EXERCISE AIM. Copy out all of the data word for word. Omit every picture.

Data items:
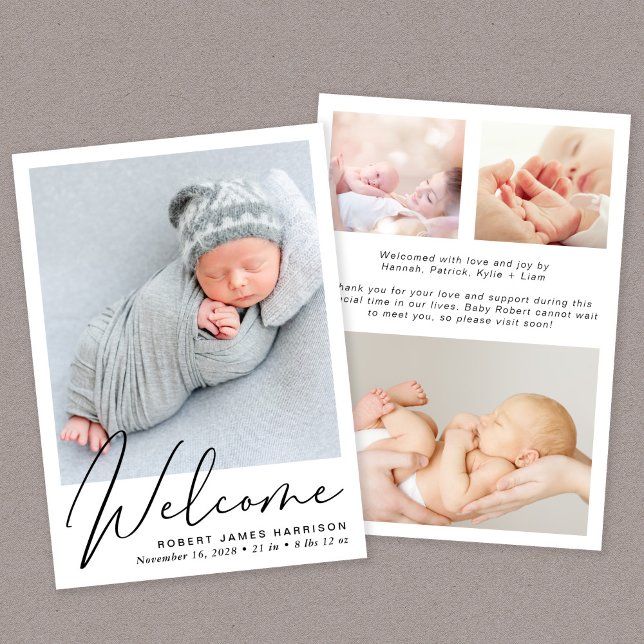 Begrüßungsskript 4 Foto Birth Ankündigung (Our user-friendly template allows you to create your perfect birth announcement)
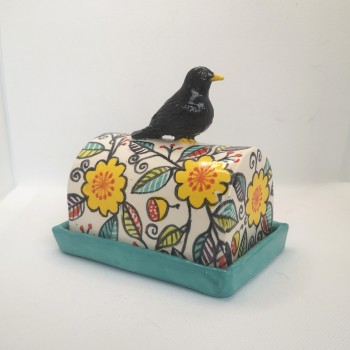 suz macinnes blackbird butter dish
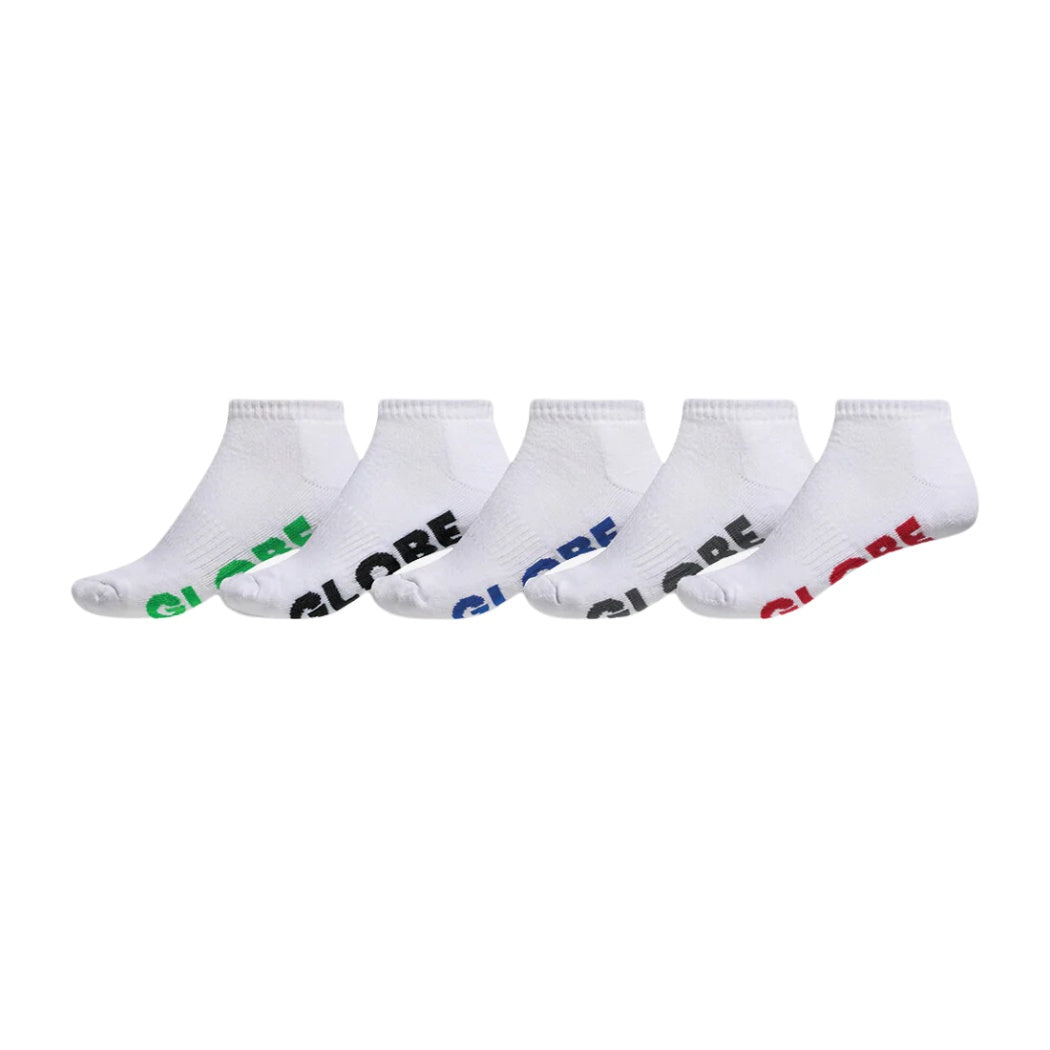 Globe Stealth Ankle Socks 5 Pack 7-11 White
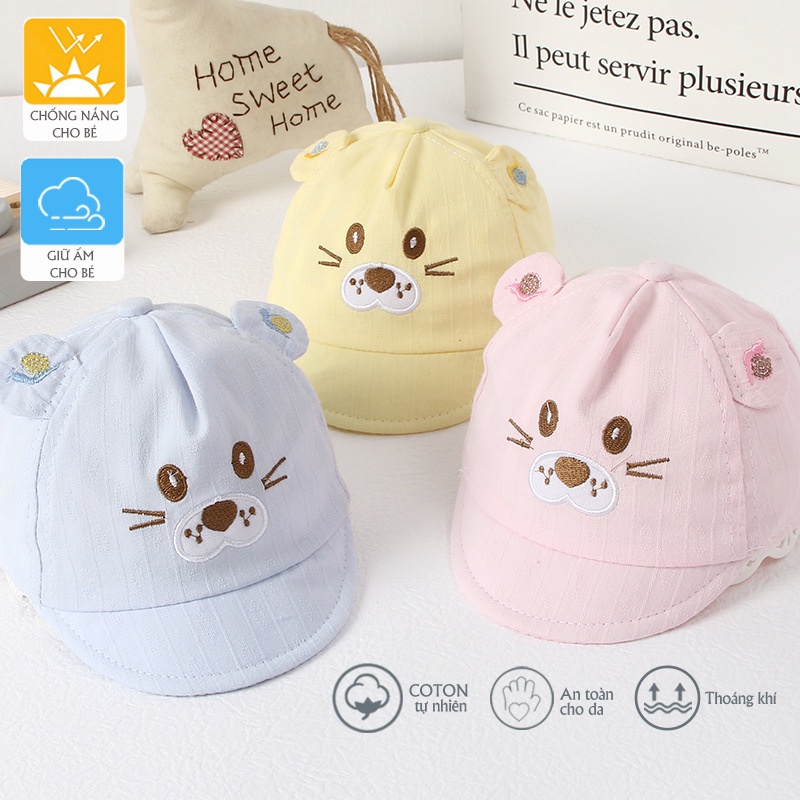 Nón cho trẻ sơ sinh từ 0-6 tháng, chất vải cotton mềm mại, thiết kế họa tiết tai thỏ cực đáng yêu cho bé trai, bé gái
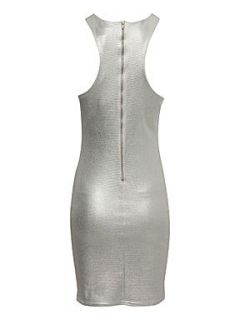 Jane Norman Metallic cut out dress Silver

EXERCISE OUTPUT.
 Begrüßungsskript 4 Foto Birth Ankündigung (Our user-friendly template allows you to create your perfect birth announcement)
 suz macinnes blackbird butter dish
 Globe Stealth Ankle Socks 5 Pack 7-11 White
 Nón cho trẻ sơ sinh từ 0-6 tháng, chất vải cotton mềm mại, thiết kế họa tiết tai thỏ cực đáng yêu cho bé trai, bé gái
 Jane Norman Metallic cut out dress Silver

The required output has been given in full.